Source data –
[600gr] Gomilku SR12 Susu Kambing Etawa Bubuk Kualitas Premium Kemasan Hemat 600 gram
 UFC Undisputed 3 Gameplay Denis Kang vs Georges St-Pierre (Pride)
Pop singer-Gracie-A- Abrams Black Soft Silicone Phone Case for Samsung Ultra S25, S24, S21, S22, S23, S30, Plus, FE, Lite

Aim of the exercise – The complete data is to be transcribed verbatim.

Exercise result –
[600gr] Gomilku SR12 Susu Kambing Etawa Bubuk Kualitas Premium Kemasan Hemat 600 gram
 UFC Undisputed 3 Gameplay Denis Kang vs Georges St-Pierre (Pride)
Pop singer-Gracie-A- Abrams Black Soft Silicone Phone Case for Samsung Ultra S25, S24, S21, S22, S23, S30, Plus, FE, Lite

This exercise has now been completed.